La Loi sur la protection de la vie privée des consommateurs autoriserait le Tribunal de la protection des renseignements personnels et des données à infliger une sanction administrative pécuniaire à une organisation ayant contrevenu à la Loi. Elle créerait également de nouvelles infractions pour la repersonnalisation de renseignements personnels qui ont été dépersonnalisés, sous réserve d’une exception concernant la vérification des mesures de sécurité, et pour la contravention à une ordonnance rendue par le commissaire à la protection de la vie privée à la suite d’une investigation. La Loi sur la protection de la vie privée des consommateurs maintiendrait les infractions commises lorsque les organisations contreviennent sciemment à certaines obligations que leur impose la Loi. L’infraction d’entrave à l’examen d’une plainte ou à la tenue d’une vérification serait étendue à la nouvelle fonction d’investigation du commissaire. Ces infractions seraient passibles d’une amende.

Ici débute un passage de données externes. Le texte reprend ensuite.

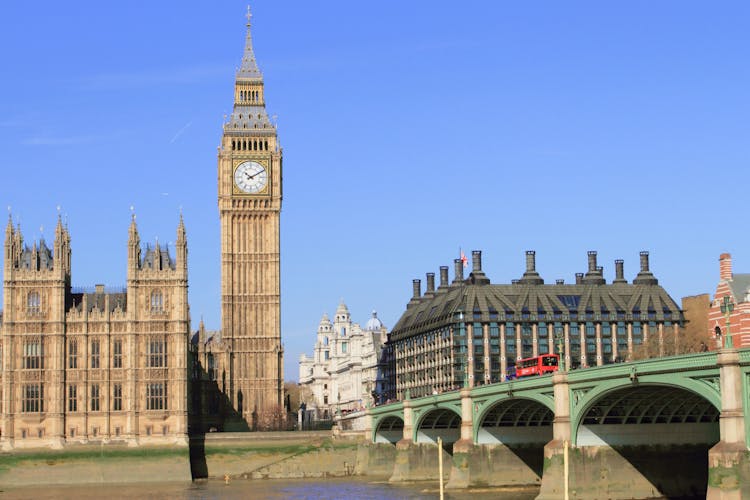 海外航空券 + ホテル予約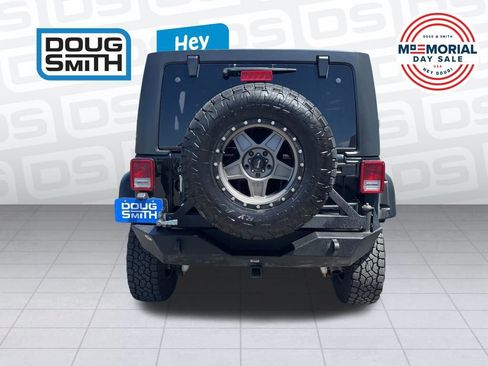 Used 2017 Jeep Wrangler Unlimited Rubicon w/ Cold Weather Group AWD/4WD image 26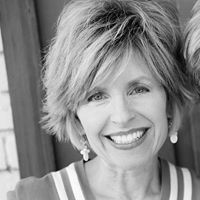 Angela Pugh Photo 37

Droits relatifs aux infractions (article 11 de la Charte)

L’article 11 de la Charte garantit certains droits aux inculpés, notamment le droit à un procès public et équitable devant un décideur indépendant et impartial. Ses protections s’appliquent uniquement aux « inculpés ». Aux fins de l’article 11, une personne est inculpée lorsqu’elle est visée par une procédure de nature criminelle ou entraînant de « véritables conséquences pénales ». Les véritables conséquences pénales comprennent l’emprisonnement et les amendes comportant un objet ou un effet punitifs, par exemple lorsque l’amende ou la pénalité est disproportionnée par rapport au montant requis pour réaliser un objectif réglementaire. Les considérations suivantes appuient la conformité à l’article 11 des dispositions relatives aux sanctions administratives pécuniaires et aux infractions.

Les dispositions relatives aux sanctions administratives pécuniaires proposées ne comporteraient pas d’accusations au criminel, de poursuite ou de détermination de la peine. La Loi sur la protection de la vie privée des consommateurs prévoirait expressément que ces dispositions visent non pas à punir, mais à favoriser le respect du régime législatif. Les sanctions administratives pécuniaires feraient l’objet d’un plafond fixé par la loi et ne comporteraient aucune amende minimale obligatoire. Le Tribunal de la protection des renseignements personnels et des données aurait le pouvoir discrétionnaire d’infliger des sanctions administratives pécuniaires. L’exercice de ce pouvoir discrétionnaire serait régi par des critères prévus par la loi.

Bien qu’elles ne prévoient pas d’emprisonnement, les dispositions relatives aux infractions proposées prévoiraient des accusations au criminel, des poursuites et une détermination de la peine pouvant mettre en jeu les droits garantis par l’article 11 de la Charte. Aucune incompatibilité possible entre les dispositions relatives aux infractions et les droits garantis par l’article 11 n’a été relevée lors de l’examen des mesures pertinentes.